Napoli: una piazza e un pallone [FOTO]

“Me lo fate fare un tiro? Se me lo parate vi compro una Coca?”

L’immagine di un ragazzo ormai da tempo uscito dall’età del pallone e dei giochi che finiscono con il tramonto, quasi li stupisce. Ero alto quasi il doppio di loro. All’iniziale scetticismo fece seguito una spocchiosa smorfia di sfida, tenerissima nel modo in cui fu costruita sul volto del piccolo Ciro, che si sforzava di nascondere la timidezza irrigidendo la soma degli occhi. Li strinse forti, alla Clint Eastwood. Mi spinse un dito sulla pancia e mimò un tono minaccioso, imitando quello con cui gli adulti somatizzavano i propri litigi, ma con palese innocenza.
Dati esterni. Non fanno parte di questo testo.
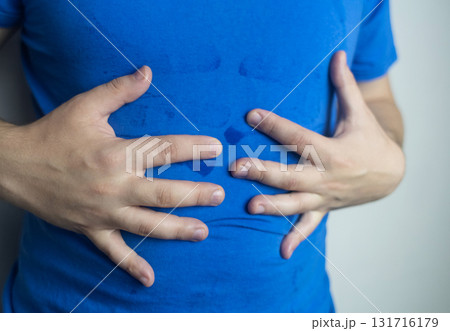 A man suffers from palmar hyperhidrosis. He wipes his sweaty palms due to excessive sweating. Treatment of hyperhidrosis with botulinum toxin injection into the hand. 131716179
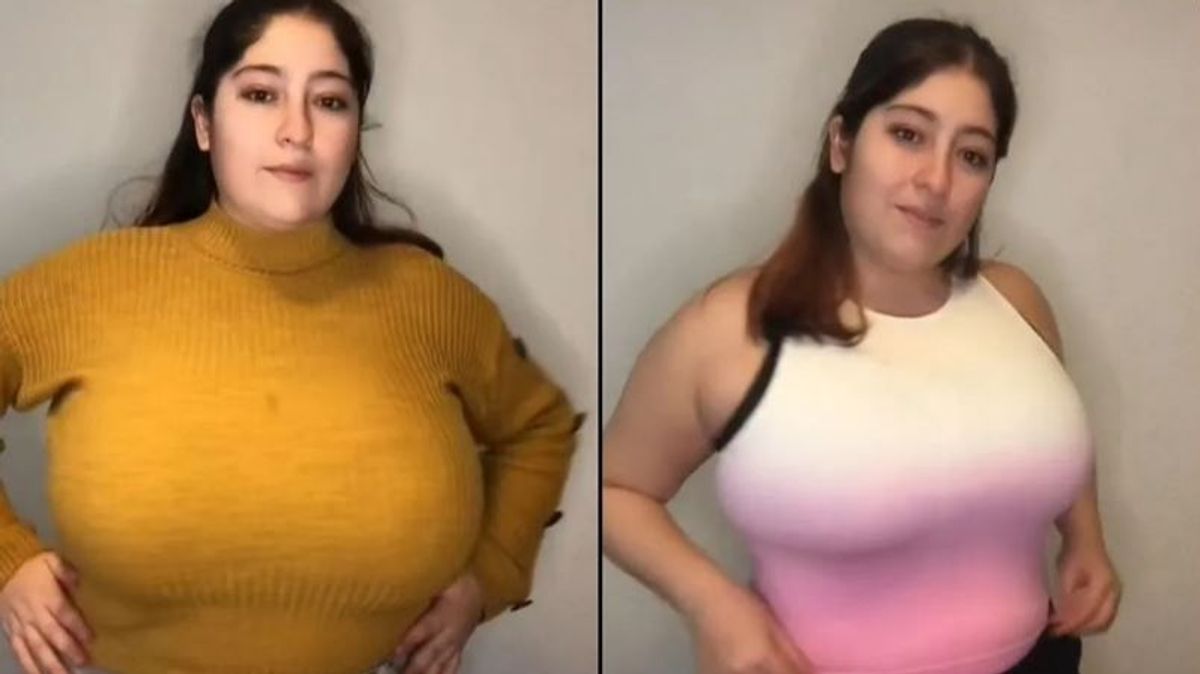 Se vuelve viral la transformación de una joven tras una reducción de pecho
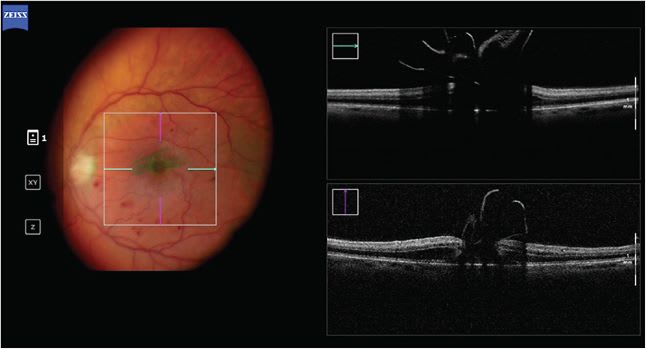 Figure 1. A 71-year-old female with a 680-&amp;#x3BC;m macular hole treated with an inner limiting membrane flap displaced on intraoperative optical coherence tomography. Image courtesy of Thomas Mendel, MD, and Alex Yuan, MD, Cole Eye Institute, Cleveland Clinic.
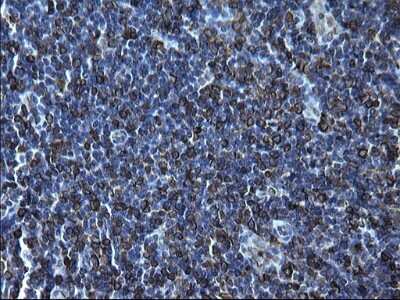 Immunohistochemistry: CD74 Antibody (OTI1H3) [NBP2-46179]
“Si fratellò, ma po’ tiro pure ij”
“Certo waglio”

Un piattone di sicurezza e la palla sbatte sul muro entro la cornice di ferro della porta: goal. Un amico prende in giro Ciro, un altro mi si avvicina nella speranza che gli confidi i segreti del rigore perfetto, per me casuale, per lui premeditato, solo perché, dai suoi piccoli occhi, io sono quello “grande”.
E’ il turno di Ciro, il talento degli scugnizzi è cosa nota, non vedo nemmeno partire il pallone che mi si infila dritto dritto sopra la testa. BAM: rimbalza sino alla ringhiera di un balcone. I bambini si coprono il volto per il terrore e attendono sperando, come un tiratore di pallacanestro in difesa, che il ferro restituisca il pallone al terreno di gioco: in quella casa ci abita Donna Assunta, 90enne tutta grida e palloni bucati, che lascia esposti come scalpi al suo balcone.

“E’ mo che se fa?”
“Pigliati sta coca cola Cì, ma la prossima volta tiralo col piatto e prendi la mira nel piccolo rettangolo tra il palo e il muro, è quello il segreto”

Gli occhi di Ciro brillavano. Il piccolo Pasquale non concorda:

“Zitto che sei di legno”

Ciro “prende le mie parti” e divide la coca con gli altri, mi allontano sorridendo: menomale che ho segnato.